2.7. Voorts stelt belanghebbende dat zijn echtgenote in het onderhavige jaar beslag had laten leggen op zijn inkomsten. De rechtbank overweegt dat een dergelijk beslag niet meebrengt dat de betreffende inkomsten niet worden geacht te zijn genoten, nu deze zijn verrekend in de zin van artikel 3.146, eerste lid en onderdeel b van de Wet IB 2001.
Ten aanzien van de toevoeging van de Raad voor de Rechtsbijstand
2.8. De rechtbank overweegt dat belanghebbendes verzamelinkomen op de NiNbi beschikking, zoals overwogen in 2.6, in de onderhavige procedure niet met succes kan worden bestreden. Voor zover belanghebbende stelt dat zijn in het Europees Verdrag tot bescherming van de rechten van de mens en de fundamentele vrijheden (hierna: het EVRM) verankerde verdedigingsrecht is miskend, omdat hij zich niet met toevoeging van een raadsman tegen de NiNbi-beschikking heeft kunnen verweren, overweegt de rechtbank dat indien de Raad voor de Rechtsbijstand een verzoek om toevoeging (gesubsidieerde rechtsbijstand) op basis van belanghebbendes verzamelinkomen over 2009 heeft afgewezen, hij op basis van de Wet op de rechtsbijstand een zogeheten verzoek om peiljaarverlegging kon indienen. Anders dan belanghebbende meent, werkt een bestreden correctie dus niet per definitie door in de beoordeling van de aanspraak op gesubsidieerde rechtsbijstand. Voorts bestaat op basis van de totstandkominggeschiedenis van die wet, de mogelijkheid om het in de aangifte IB verantwoorde inkomen als uitgangspunt te hanteren tot de beslissing op bezwaar of de rechterlijke uitspraak onherroepelijk is geworden. Nu belanghebbende heeft gesteld noch aannemelijk gemaakt dat hij tijdig een verzoekschrift heeft ingediend tot gebruikmaking van vorenbedoelde mogelijkheden, is aan de omstandigheid dat aan belanghebbende geen raadsman is toegevoegd, niet de gevolgtrekking te verbinden dat in de onderhavige procedure het in het EVRM verankerde verdedigingsrecht van belanghebbende is miskend.

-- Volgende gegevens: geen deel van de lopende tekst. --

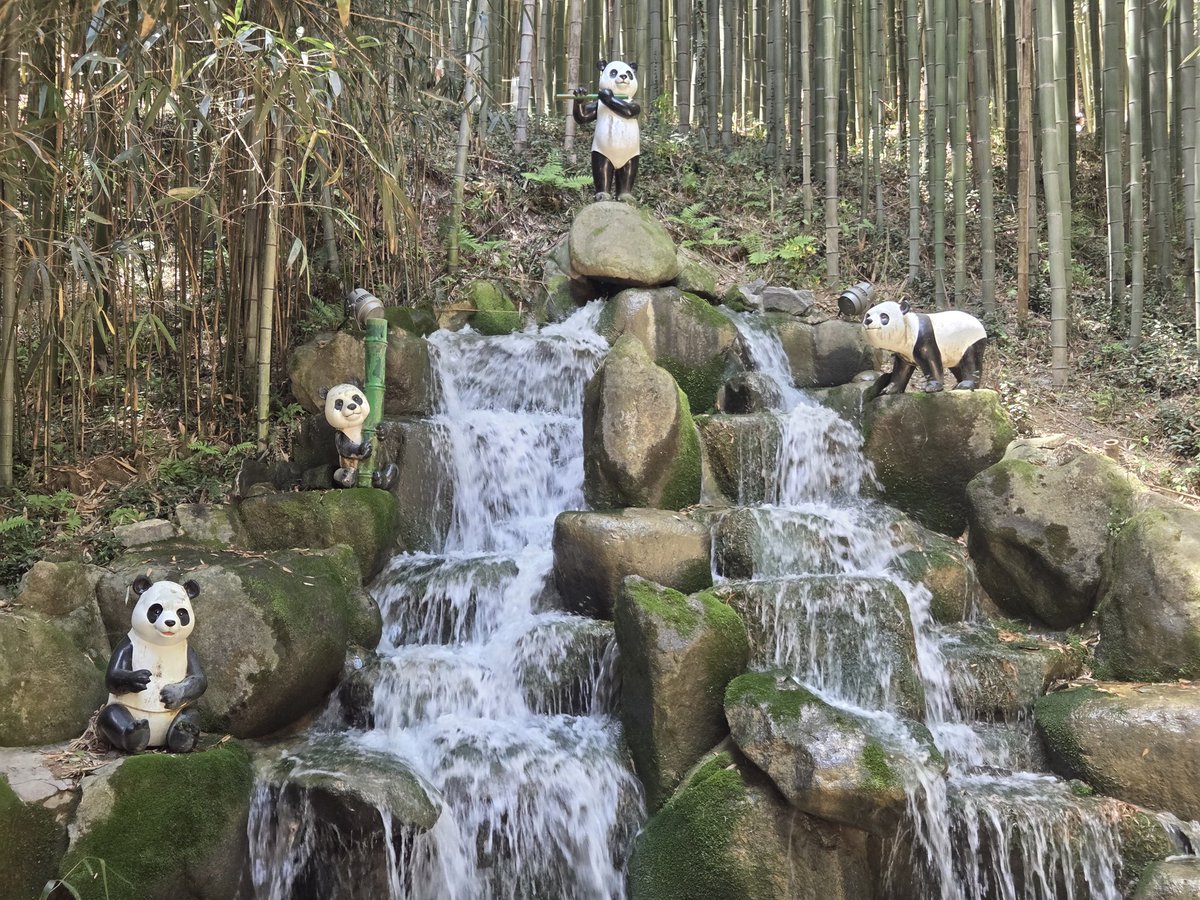 마이너스 tweet media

2.9. Gelet op het vorenstaande is het beroep ongegrond verklaard.
2.10. De rechtbank ziet geen aanleiding voor een proceskostenveroordeling.
Deze uitspraak is gedaan op 3 augustus 2012 door mr. W.A.P. van Roij, rechter, en op dezelfde dag in het openbaar uitgesproken in tegenwoordigheid van mr. I. van Wijk, griffier.
De griffier, De rechter,
Afschrift aangetekend verzonden aan partijen op: 15 augustus 2012
Rechtsmiddel
Tegen deze uitspraak kunnen partijen binnen zes weken na de verzenddatum hoger beroep instellen bij het gerechtshof te ‘s-Hertogenbosch (belastingkamer), Postbus 70583,
5201 CZ ’s-Hertogenbosch.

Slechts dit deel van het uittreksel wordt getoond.